This Tcl Book system allows you to create a simple annotatable book out of plain text files. A little hypertext index allows you to select the text you want to read. Then as you read if you see something interesting in the book that stimulated some thought, you just highlight it in yellow, right click, and jot down some notes in the Notes Taking Dialog about the passage, and store it away in a notes file:
Later on, you can review the notes via the Notes Review Dialog. You select the title of one of your notes and the notes appear along with the text in the book that it refers to in the book highlighted in yellow:
This system is designed to be VERY SIMPLE and customizable.

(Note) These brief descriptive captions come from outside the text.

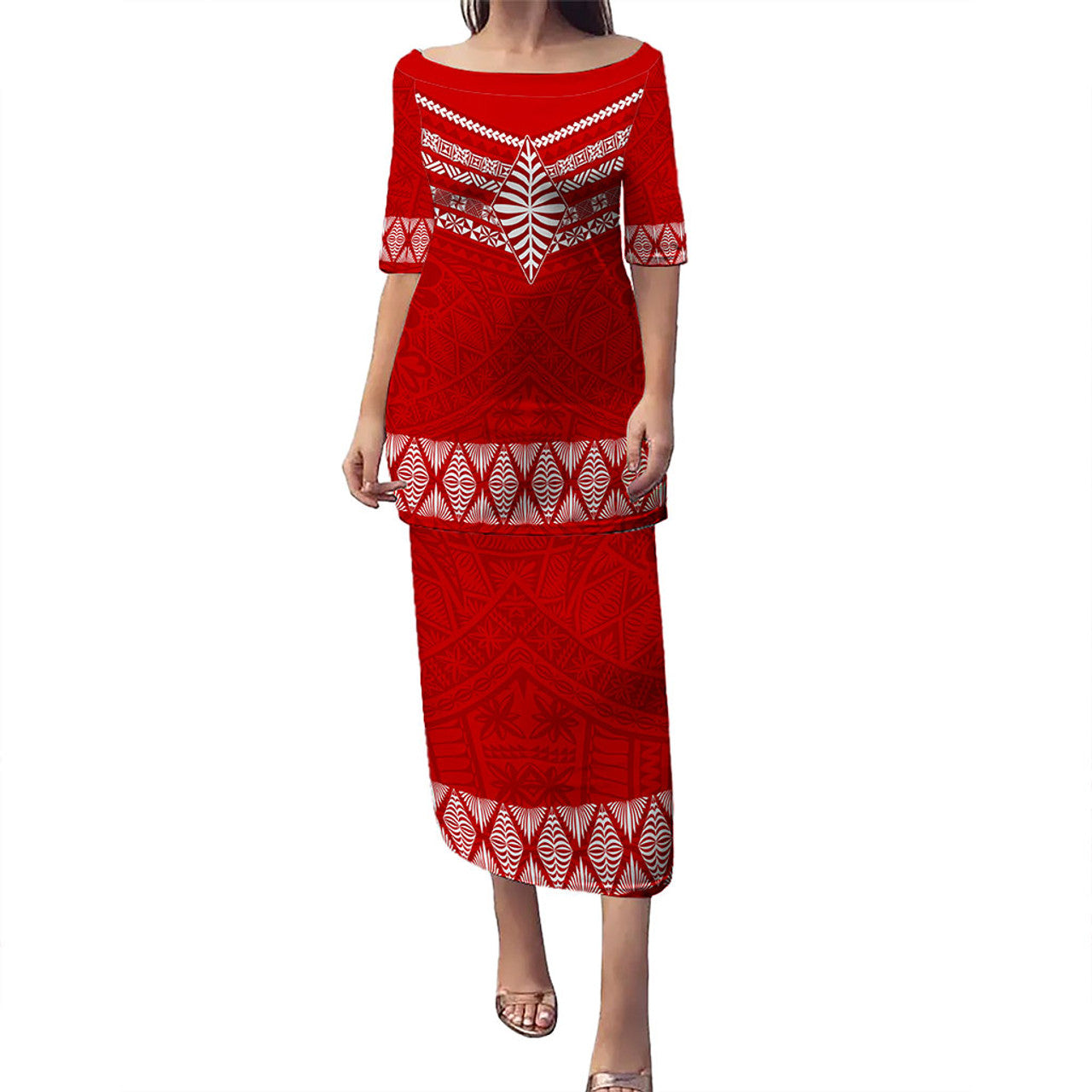 Tonga Puletasi Kupesi Ngatu Pattern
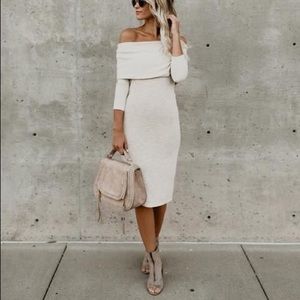 Vici Collection On2You Off The Shoulder Knit dress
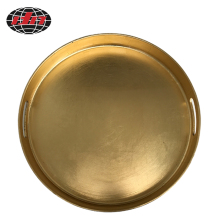 Gold Round Plastic Tray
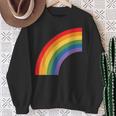 ハーフレインボー Roygbiv カラフルラッキーレインボー スウェットシャツ 年配の女性への贈り物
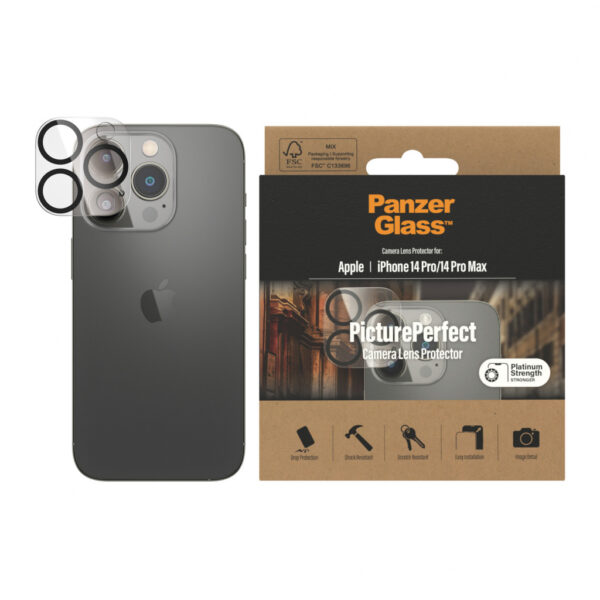 Panzerglass Gehard Glas Camera Protector Apple iPhone 14 Pro/14 Pro Max - Afbeelding 2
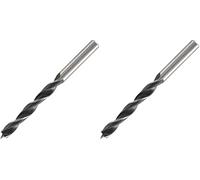 wolfcraft 7605010 Foret à bois cylindrique CV Argent ø 5 x 86 mm (Lot de 2)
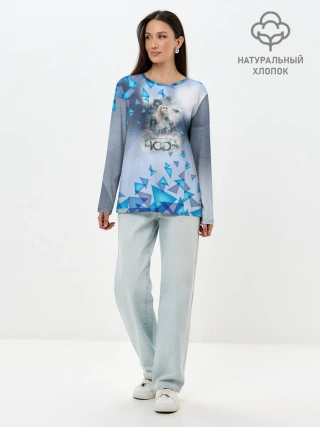 Лонгслив женский. Хлопок / Сериал Сотня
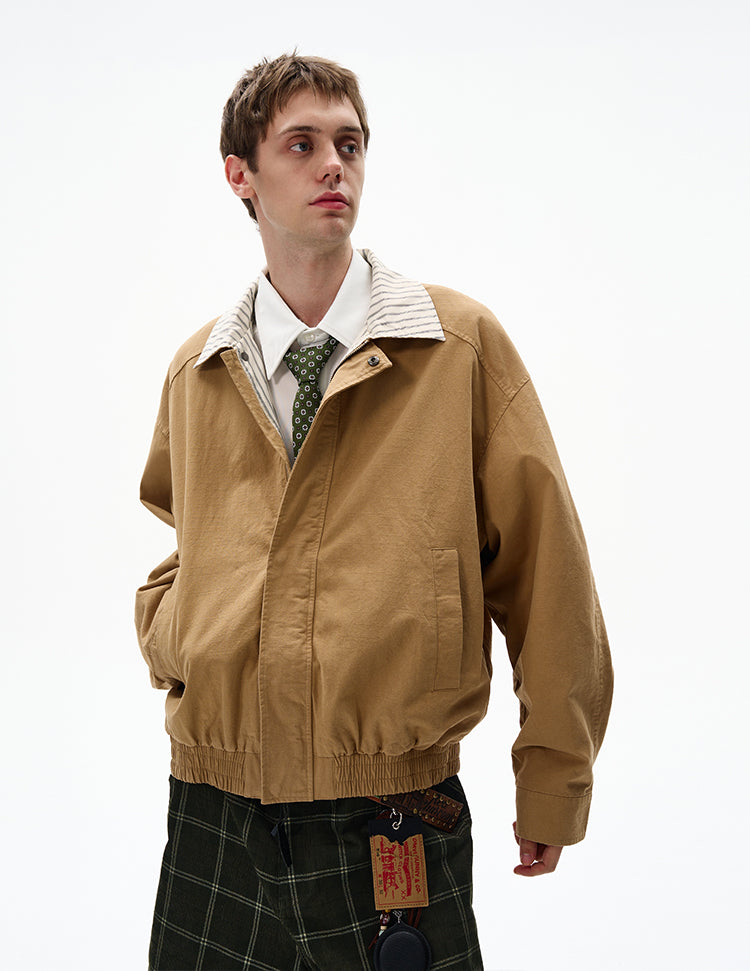 MADWITCH EARLY FALL CROPPED FLIGHT JACKET #UTU025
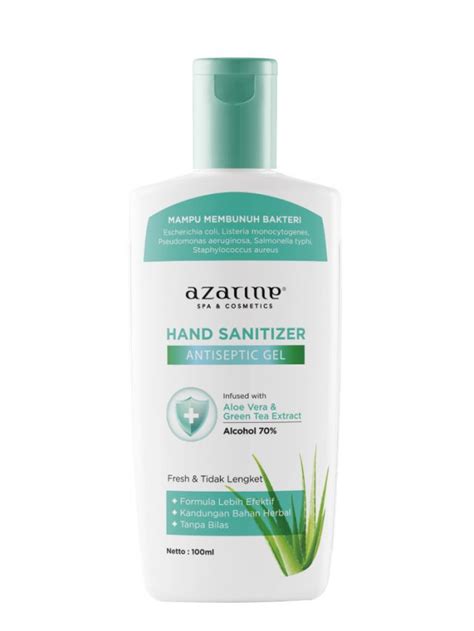 Azarine Cosmetics Hand Sanitizer Antiseptic Gel Beauty Review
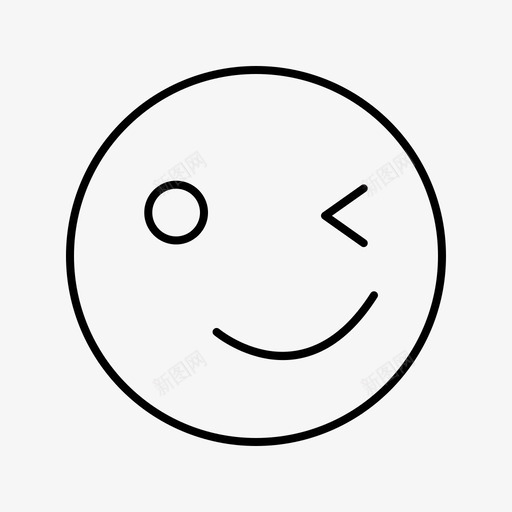 传情动漫表情字形图标svg_新图网 https://ixintu.com 传情 动漫 图标 字形 表情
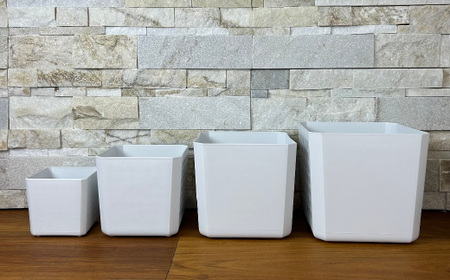 【エコ製品】トヨテックプランター 白 4サイズセット(4・5・6・6.5号)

I use it as a sort of scripting language idiom, to create little English language lessons or to read online books from Project Gutenberg, a project to make the world's literature available free over the internet. This system solves one problem with Project Gutenberg texts, namely remembering where you are in them, bookmarking them, but it goes one step further and allows you take notes on any passage. It's also useful for doing translation, since you can also set-up two parallel windows with the text in either language and use the little hypertext index to synchronize passages in the two texts.
The system is an extension of the emacs bookmarks idea. I found emacs bookmarks useful for reading Project Gutenberg texts. By plain text file, I mean really plain. The only real requirement is that paragraphs be separated by a blank line (i.e. \n\n, or \s*\n)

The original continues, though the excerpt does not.